DEV Community

loading...
Cover image for Flexible CSV Handling in Python with DictReader and DictWriter

Flexible CSV Handling in Python with DictReader and DictWriter

bowmanjd profile image Jonathan Bowman ・9 min read

The code in this article is also available in a public Github repo here.

Python is great for data wrangling. Do you find yourself engaging in the process of extracting data from one system, transforming it, and then loading it into another (sometimes called ETL)?. You may have encountered CSV files a time or two, then.

CSV files are often used as a vehicle to carry large simple tables of data. Python has built-in CSV handling capability. In this article, we will explore a flexible way of reading and saving CSV files using Python's csv.DictReader and csv.DictWriter.

Flexible field handling

In this instance, I use flexible to mean resiliency in the handler when dealing with dynamic columns.

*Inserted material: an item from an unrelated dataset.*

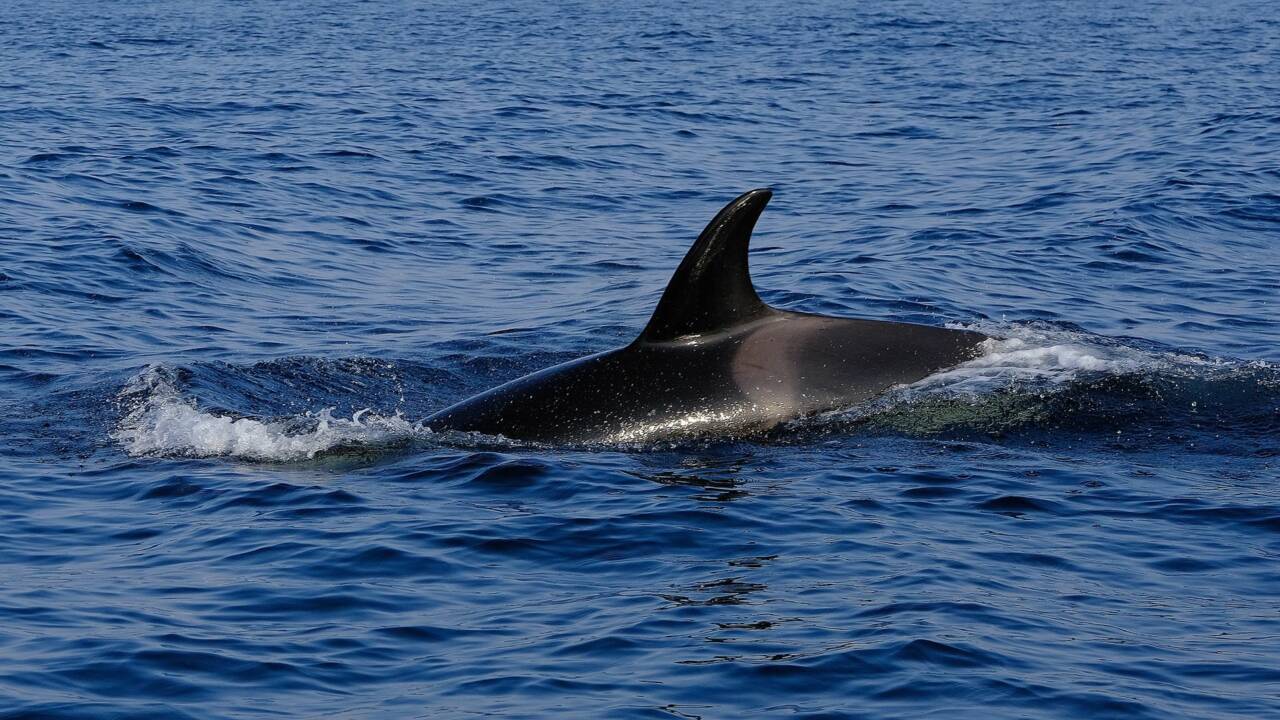 Plusieurs orques photographiées près des côtes basques, fait rare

Imagine this scenario: the system you are extracting from changes (a product upgrade, for instance) adding fields to the CSV export file. And, conveniently, adds them as columns, not at the end, but in the middle, or at the leftmost column. Oh, the agony, if you expect certain data to be in the 3rd column, and that data is now in the 4th! Is there a way to construct a handler in Python that can handle this sort of moving target gracefully?

Yes.

A CSV example

Let's take a look at some tabular data (in other words, data in a table):

Last name First name Middle name Role School Grade
Herman Preston Elliott Teacher Southside
Randolph Finnegan Braylon Student Eastside 12
Hood Easton Fernando Student Southside 7
Kemp Logan Kinsley Teacher Southside

The above data in CSV format, with a header row, should look like this:

Last name,First name,Middle name,Role,School,Grade
Herman,Preston,Elliott,Teacher,Southside,
Randolph,Finnegan,Braylon,Student,Eastside,12
Hood,Easton,Fernando,Student,Southside,7
Kemp,Logan,Kinsley,Teacher,Southside,
Enter fullscreen mode Exit fullscreen mode

If you would like, you can download the above CSV sample here.

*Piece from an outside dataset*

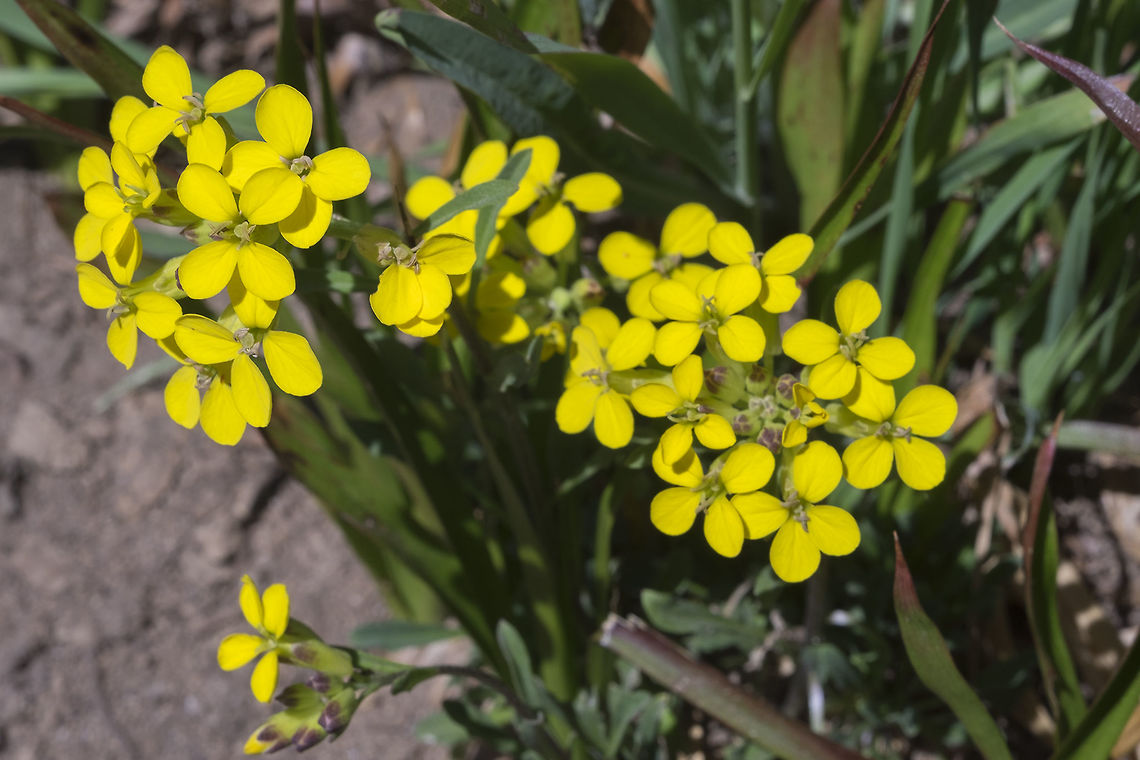 Cascade wallflower  Cascade wallflower,Erysimum arenicola,Geotagged,Summer,United States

Place the above in a file called sample.csv in your current working directory. You may also clone the repo for this article and follow along in that way.

Loading the CSV file

To load a CSV file in Python, we first open the file. For file handling in Python, I always like to use pathlib for its convenience and flexibility.

from pathlib import Path

inpath = Path("sample.csv")
Enter fullscreen mode Exit fullscreen mode

The above simply assigns the inpath variable to point to our file.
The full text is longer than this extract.